Wilson responded by opposing Reynolds, saying the problem is not just one solution, it is many tiny victories along the way.
“It’s who we are. It’s not who we’re becoming, and we don’t have time to waste. We have to address these things now,” she said. “We have to address these things in a way that we can listen to each other across party lines, across law enforcement, prosecutors, and members of the community.”
The Tri-County Gun Violence Coordinating Council put together a list of 12 possible solutions to curb gun violence in the Lowcountry:
- Implement a public campaign to lock cars to reduce gun theft.
- Create public, readable, accessible databases on gun crime.
- Fund Community Violence Interruption and Intervention with wrap-around services
- At-risk youth, identified by the community, schools and police, should be offered social resources and mentor services.
- Require all officers to attend and complete implicit bias training.
- Empower police chiefs to fire cops when they show racist beliefs and behavior
- Establish a statewide database for fired officers
- Charleston should recommit to holding the annual Police Community Unity Day held in the community
- Require all officers to attend and complete training on how to respond to victims during a domestic violence call that includes issues concerning the high risk of homicides because of domestic violence
- Conduct in-depth reviews into how law enforcement addresses cold case homicides and non-fatal assaults and how families are being kept up to date on their cases
- Build social capital, improving access to programs for high-risk youth, community greening/improvement of neighborhood physical space to reduce gun violence
- Emphasize community policing and create a strategic plan to implement it
“We have to learn as people how to resolve conflict, not just minors, but as adults, because you have to think about the way we react to things and how we’ve handled conflict,” Whack said. “We can’t handle conflict in a reasonable manner and how would we expect our children, our youth to follow our paths?”

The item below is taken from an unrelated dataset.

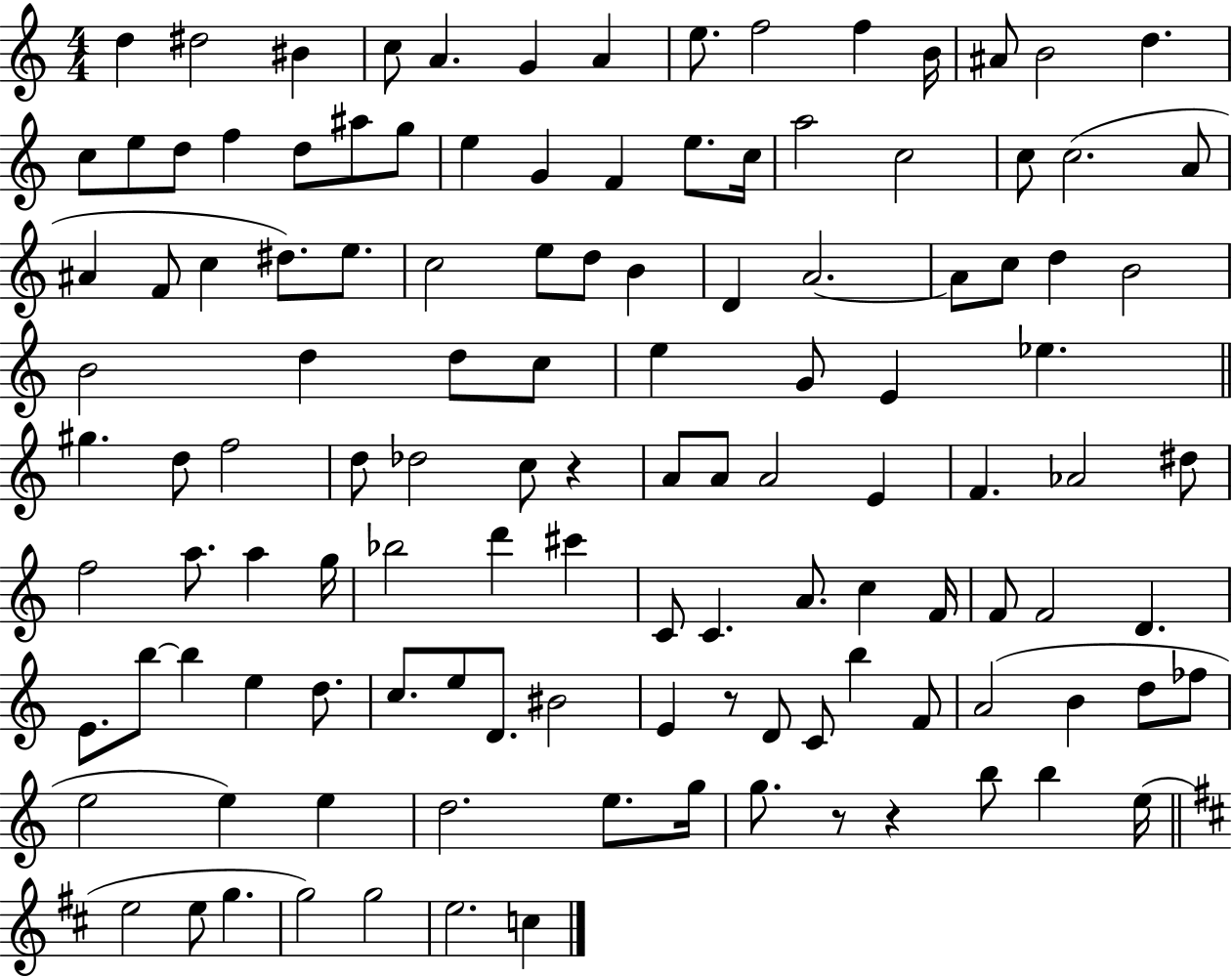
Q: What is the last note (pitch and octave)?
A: C5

The gun violence forum was just a start to discussing solutions, according to Marlvis Butch Kennedy, Tri-County Gun Violence Coordinating Council Chair. In the upcoming year, the council has already begun taking steps to address gun violence in a collaborative approach among Lowcountry organizations.
Sunday’s gun violence forum was the first of several that the Tri-County Gun Violence Coordinating Council is hosting.